Many of the necessary reforms and modernization requirements will be costly. Investment will be key to reviving Ukraine’s staggering economy, which even before the political crisis was looking at negative growth and possible default.
Perhaps most significantly, Ukraine’s agreement with the EU will force it to create institutional reforms to improve the climate for businesses and potential investors. This will include establishing transparent government procurement procedures, and reducing Ukraine’s crippling and omnipresent corruption. Judicial reform will be tantamount to Ukraine’s ability to ensure potential investors that their assets will be safe.
“The process here is the most important part of the deal,” Mr. Ash of Standard Bank says. “Ukraine has the opportunity and has shown its willingness to get rid of its Soviet past, which they never were able to do before.”
Retaliation from Russia?
But by signing the deal, Ukraine can expect to see retaliation from Russia, a long-time key trading partner. Russian President Vladimir Putin had pressured Ukraine to become a member of its nascent Eurasia Union, which rejoins former Soviet partners Russia, Belarus, and Kazakhstan.
In fact, Ukraine has already felt Russia's economic wroth amid its crisis: Russia threw up barriers after opposition leaders gained control of Ukraine’s parliament when former President Victor Yanukovych, who rejected the EU deal in November, absconded in late February. And just two days ago, Russia said it was considering more trade barriers on Ukraine.
During the first quarter of 2014, Ukraine’s overall exports decreased by 30 percent, a hugely significant reduction for a country in which 50 percent of its gross domestic product is made up of exports, says Oleg Ustenko, the executive director of The Bleyzer Foundation in Kiev.
Still, any new Russian-imposed barriers to Ukraine’s exports might have little effect today, Mr. Ustenko says. “What they have already been able to impose, they have. So we are already losing.”
But if Mr. Poroshenko’s commitment to joining his country with Europe is sincere, Ash says, the losses in trade with Russia could translate into new markets opening up for Ukrainian products meeting EU standards.
Ambivalence in Western Europe?
While the hard work of adopting difficult and expensive reforms will be left up to Ukraine’s new government to adopt – and the population to grin and bear – the former Soviet nation will need to attract European investors.

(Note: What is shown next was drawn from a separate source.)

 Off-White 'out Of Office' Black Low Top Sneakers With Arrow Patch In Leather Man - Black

Russia’s annexation of Crimea in March and the unrest that followed in eastern Ukraine gave rise to the most unsettling East-West standoff since the Cold War. Suddenly, Ukraine emerged as a much bigger priority for the EU overall.

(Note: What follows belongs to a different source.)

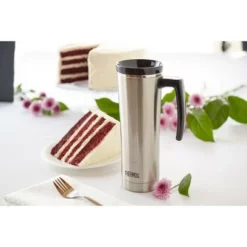 Thermos 16 oz Sipp Insulated Stainless Steel Travel Mug w/ Handle - Silver/Black -WATER BOTTLES Sales unnamed file 2156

Before that time, many Europeans felt ambivalent about the Ukrainian deal, which will be signed Friday along with similar agreements with two other countries that Russia considers to be part of its “sphere of influence,” Georgia and Moldova.

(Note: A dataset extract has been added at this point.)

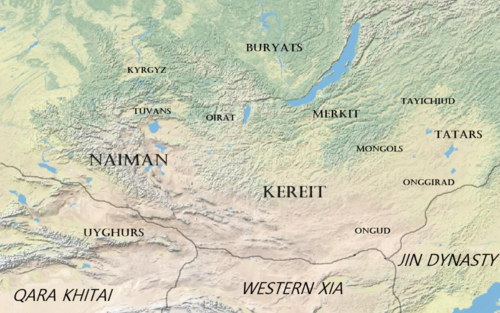 Map of the Mongol tribes In the early 13th century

While some EU nations, led by Poland, argued for the bloc to form closer alliances with Ukraine and post-Soviet nations, the bigger countries in Western Europe were skeptical. The prospect of Russia's reaction, as well as EU enlargement fatigue confounded by the European debt crisis, all played a role.
The bloc has disagreed over sanctions for Russia, on which it is heavily dependent for gas. But now the importance of a trade and association deal is largely considered a necessary step to make sure "Ukrainians do not waste another revolution," says Jan Techau, the director of Carnegie Europe in Brussels.
The best way Europe can counter Russia is not via sanctions or NATO, but by building a stable Ukraine, with rule of law and a healthy economy not run exclusively by oligarchs, he says.